#6 RX overrun errors ignored

open
None
5
2012-05-08
2006-02-15
Brian Behlendorf
No

Hi Folks,

I recently uncovered another issue which I thought
would be of interest to you. While trying to get to
the bottom of a mysterious networking issue, I
discovered that the e1000 driver does not track RX
descriptor overflow errors. So I crafted a patch to
ensure stats for those errors were tracked and re-ran
my tests. Long story short I was seeing boatloads of
them and simply increasing the RX descriptor size
resolved the issue.

Since the driver wasn't tracking these stats ethtool
always reported zero rx_over_errors. Which means it
took me quite a while to suspect this and run the issue
to ground. Can we get the attached patch or a version
of it in to the next release!

Discussion

  • Tracks RX overrun stats

     
  • Andreas Dilger
    Andreas Dilger
    2006-02-15

    Logged In: YES
    user_id=15987

    As a secondary goal, it might be nice to have the driver
    increase the size of the RX descriptor ring buffer (to some
    upper limit) if this is happening, instead of requiring it
    to be increased manually (which can only be done if the
    module is unloaded and reloaded).

     
  • Logged In: YES
    user_id=631160

    Okay, thanks for the report and the patch. The reason I
    don't like this patch is
    a) it puts more code in the interrupt handler, which is a
    performance issue.
    b) this functionality was already there, when you get RNBC
    errors (Receive No Buffer Count) it implies you need to
    increase your allocation. RNBC does not imply that you've
    dropped the packet, unless rx_missed_errors goes up too.
    w.r.t. the second comment, you can increase your receive
    descriptor count with ethtool -G ethX rx

     
  • Logged In: YES
    user_id=422580

    Thanks for the prompt reply, let me follow up on your comments.

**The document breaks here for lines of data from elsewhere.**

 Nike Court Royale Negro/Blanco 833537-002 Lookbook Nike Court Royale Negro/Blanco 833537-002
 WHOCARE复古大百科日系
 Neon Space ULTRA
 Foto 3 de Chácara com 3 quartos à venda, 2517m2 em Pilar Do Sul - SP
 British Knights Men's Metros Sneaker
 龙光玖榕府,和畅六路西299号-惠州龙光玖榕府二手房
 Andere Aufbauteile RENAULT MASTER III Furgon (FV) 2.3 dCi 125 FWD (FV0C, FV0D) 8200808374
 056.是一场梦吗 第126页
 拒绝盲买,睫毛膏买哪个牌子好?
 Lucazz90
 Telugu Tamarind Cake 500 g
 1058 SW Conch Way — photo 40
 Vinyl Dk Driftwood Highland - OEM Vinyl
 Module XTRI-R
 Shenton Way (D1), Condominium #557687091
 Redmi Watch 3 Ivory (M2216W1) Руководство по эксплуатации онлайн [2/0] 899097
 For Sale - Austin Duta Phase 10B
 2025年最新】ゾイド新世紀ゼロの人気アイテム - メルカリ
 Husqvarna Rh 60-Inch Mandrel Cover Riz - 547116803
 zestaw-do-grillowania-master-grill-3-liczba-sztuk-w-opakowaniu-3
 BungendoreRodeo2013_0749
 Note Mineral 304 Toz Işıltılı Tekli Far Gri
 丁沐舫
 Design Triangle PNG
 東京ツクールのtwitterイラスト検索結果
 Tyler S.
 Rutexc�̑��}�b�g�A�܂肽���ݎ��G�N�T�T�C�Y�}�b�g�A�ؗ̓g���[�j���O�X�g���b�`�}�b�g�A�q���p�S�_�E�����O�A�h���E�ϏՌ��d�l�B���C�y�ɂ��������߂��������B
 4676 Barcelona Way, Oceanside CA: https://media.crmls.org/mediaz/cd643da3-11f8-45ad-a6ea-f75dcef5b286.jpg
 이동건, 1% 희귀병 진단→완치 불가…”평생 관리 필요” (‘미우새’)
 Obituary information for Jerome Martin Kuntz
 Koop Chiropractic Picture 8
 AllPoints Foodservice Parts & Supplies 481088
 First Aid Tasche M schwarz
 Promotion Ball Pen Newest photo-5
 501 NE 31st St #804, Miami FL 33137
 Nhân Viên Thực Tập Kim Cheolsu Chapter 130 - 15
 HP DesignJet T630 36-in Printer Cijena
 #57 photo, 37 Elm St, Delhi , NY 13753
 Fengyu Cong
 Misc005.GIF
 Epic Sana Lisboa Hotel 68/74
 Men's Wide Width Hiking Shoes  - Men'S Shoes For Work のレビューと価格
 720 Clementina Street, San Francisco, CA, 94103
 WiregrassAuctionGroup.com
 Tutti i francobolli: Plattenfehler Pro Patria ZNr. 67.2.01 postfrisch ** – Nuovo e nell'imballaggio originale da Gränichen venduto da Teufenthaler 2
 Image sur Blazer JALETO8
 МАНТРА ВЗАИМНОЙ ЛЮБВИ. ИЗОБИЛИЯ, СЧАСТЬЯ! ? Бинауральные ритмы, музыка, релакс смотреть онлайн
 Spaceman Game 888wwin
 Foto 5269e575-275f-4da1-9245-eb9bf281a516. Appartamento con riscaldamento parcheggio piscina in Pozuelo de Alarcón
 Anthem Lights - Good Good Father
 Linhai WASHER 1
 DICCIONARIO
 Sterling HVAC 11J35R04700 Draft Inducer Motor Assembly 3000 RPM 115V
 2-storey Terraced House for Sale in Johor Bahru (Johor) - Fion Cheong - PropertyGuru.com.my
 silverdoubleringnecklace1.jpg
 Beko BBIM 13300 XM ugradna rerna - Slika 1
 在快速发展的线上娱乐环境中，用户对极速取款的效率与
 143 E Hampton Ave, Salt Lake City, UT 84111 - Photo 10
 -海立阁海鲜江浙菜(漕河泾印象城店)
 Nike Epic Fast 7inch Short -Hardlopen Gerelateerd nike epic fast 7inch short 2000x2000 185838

    Concerning putting more code in the interrupt handler I
    understand your wanting to keep it as minimal as possible.
    But I can assure it doesn't cause detectable performance
    impact on our systems. We're currently running with the
    patch on several thousand nodes.

    As for the functionality, I see your right you could
    derive the same information from other stats.
    Unfortunately, since I'm not really a network guy I took the
    0 value in rx_over_errors as truth until forced to
    investigate further. The 0 value there is deceptive, I'm
    probably not the only one which has been mislead. This
    seems like a pretty minimal change to potentially save end
    user aggrevation.